The Great Cemetery Hunt
When I was in college, my overly morose friends and I would make frequent trips to the cemeteries in southern Indiana to wander the soundless rows and contemplate our inevitable demise. We would pack a picnic and a few trinkets that would act as awards for the person with the strangest name, the person who lived the longest, the person with the most spouses, and the monument with the biggest ego.
Though my wardrobe has gotten decidedly brighter, I still make regular visits to graveyards without any food or trinkets (though I do still look for the noteworthy deceased). My mother taught me the appreciation for cemeteries, dragging my brothers and me out to tiny family resting places, raking through long grass and woods to find disheveled clusters of headstones. As soon as I arrived in Maine, my mother insisted that we go to South Berwick to have a look at the Old Fields cemetery.

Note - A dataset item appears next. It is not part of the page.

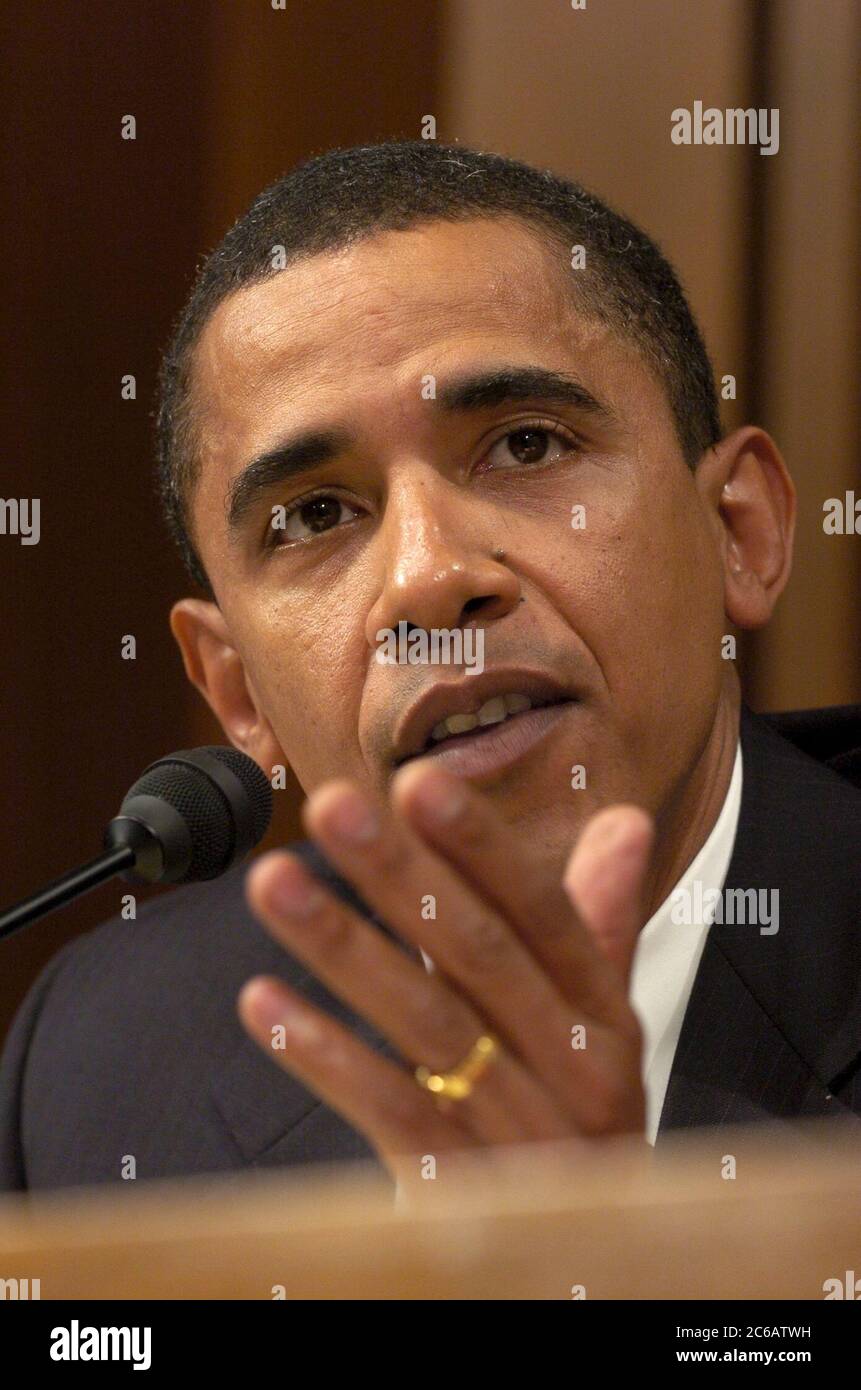 Washington, D.C. USA, 18 gennaio 2005: Il senatore statunitense Barack Obama partecipa alle audizioni di conferma del Senato per Condoleezza Rice come Segretario di Stato. ©Bob Daemmrich Foto Stock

One of the notables buried there is Mehitable Goodwin, a captive of a local Native American tribe. There is a terrible tale found in Cotton Mather's Magnalia Christi Americana about the death of Mehitable's five month old infant on the journey, whose body was hanged by the forked bough of a tree so that "she might have the comfort of seeing it again if ever they came that way." She was bounced around to several groups through battle and trade, settling with one tribe in Canada for five years before being returned to her husband and home.
The cemetery is beautiful, the graves strewn about over a rolling hill that cuts down to the Leighs Mill Pond. Most of the headstones are so old that they are made of slate instead of granite and many of them actually have the death's head symbol on them which would have definitely won some kind of an award back in my goth days.